A Financial-Reform Agenda for Obama’s Second Term
Professor Hal S. Scott
Bloomberg View
Jan. 13, 2013

“[W]e must return to our regulators the tools—taken away by the 2010 Dodd-Frank Act—that enabled the U.S. to survive the most pernicious aspect of the 2008 crisis: the contagion following the collapse of Lehman Brothers Holdings Inc. Had Dodd-Frank been enacted in 2008, the financial meltdown would have been even more devastating.
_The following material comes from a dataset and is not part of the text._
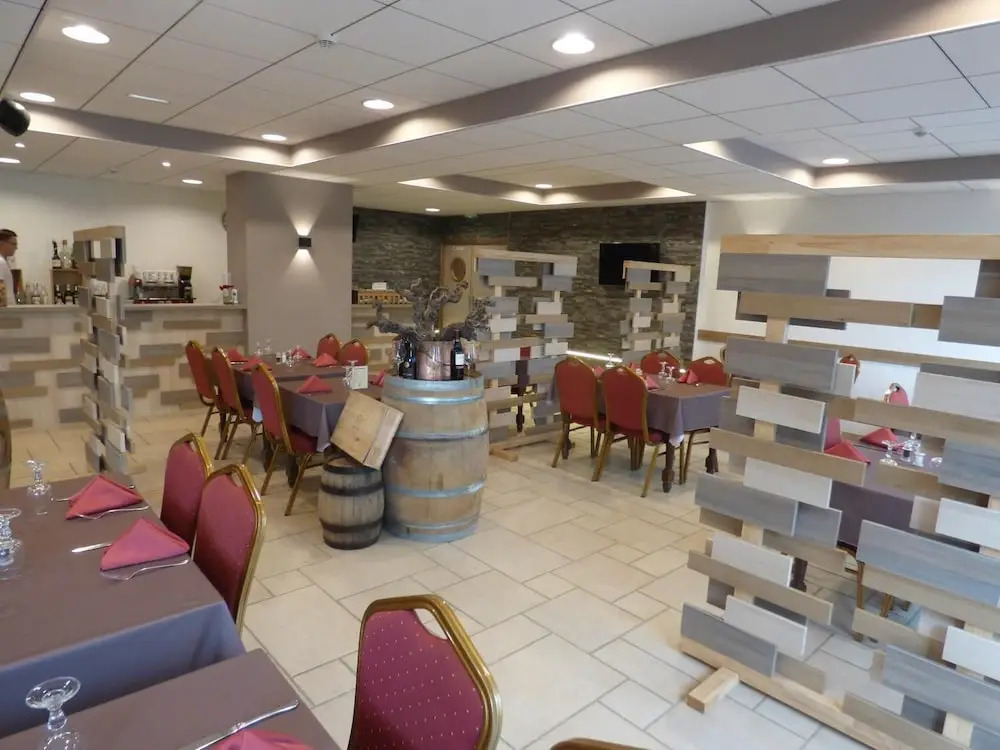 Hôtel Restaurant Prunières
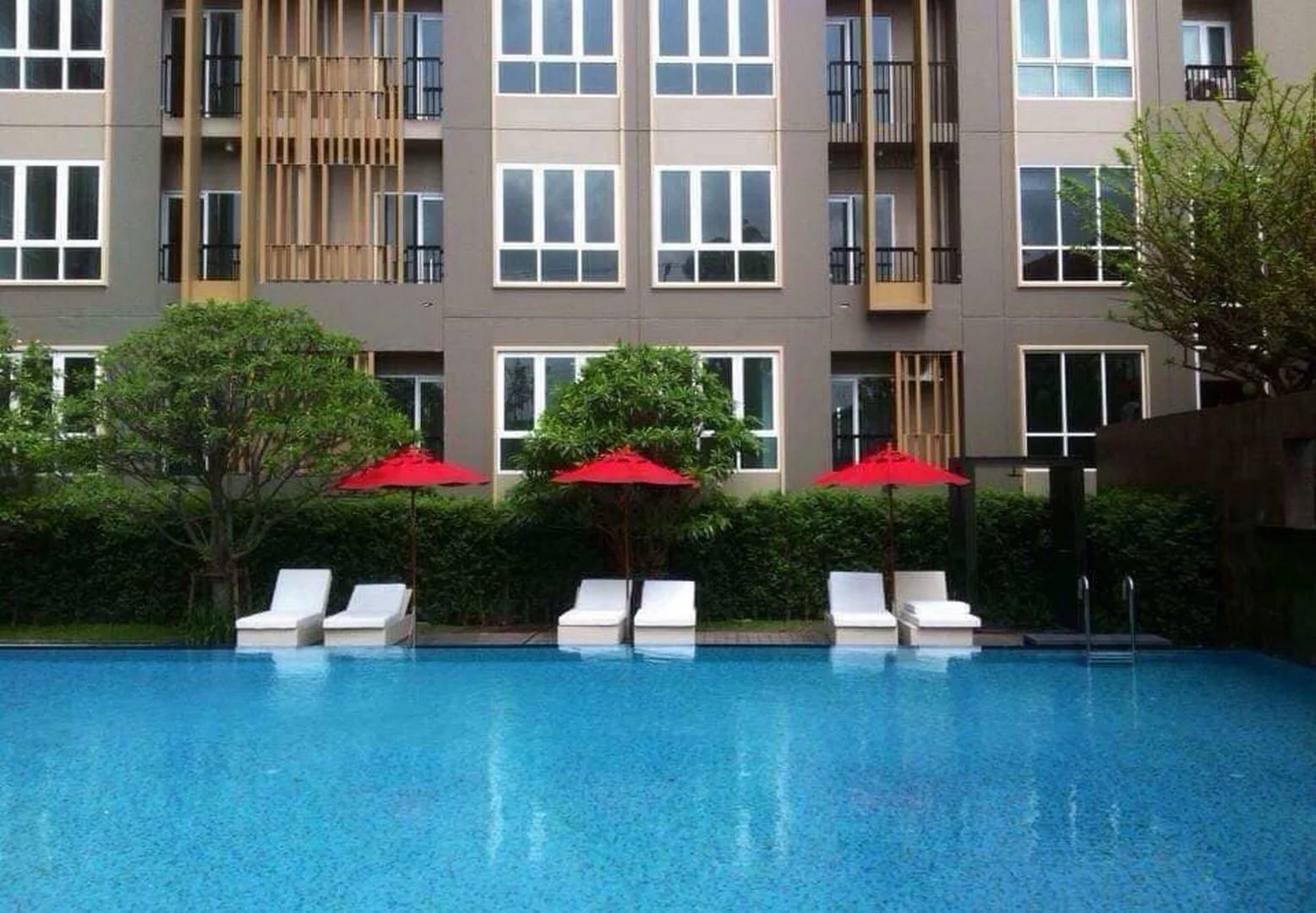 Property photos for The Key Sathorn - Ratchapruek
“The Federal Reserve can no longer provide liquidity to nonbanks without the consent of the Treasury secretary. The Treasury can no longer guarantee money-market-fund investors against runs, and the Federal Deposit Insurance Corp. can no longer insure senior debt or increase insurance on deposit accounts without congressional approval.

“These backstops are politically unpopular, and should only be deployed in extreme circumstances, but they should be available if needed.”

The Best Way to Reform Health Care—and Cut the Deficit
Professor Einer Elhauge ’86
The Daily Beast
Jan. 6, 2013

“[T]he fragmented nature of the U.S. healthcare system is remarkable. … Why isn’t health care … like other industries, where large integrated corporations coordinate multiple personnel and costly machinery to achieve a valuable result and have the incentives and control to do so as efficiently as possible? The reason is simple: current law gets in the way. …

“The Obama administration should use [its] powers to adopt regulations that both preempt legal obstacles to health-care integration and allow payments to corporations that would orchestrate all the providers necessary to provide valuable health outcomes. The result would be improved health care that would likely save tens of thousands of lives, avoid hundreds of thousands of injuries, and save hundreds of billions of dollars in medical costs.”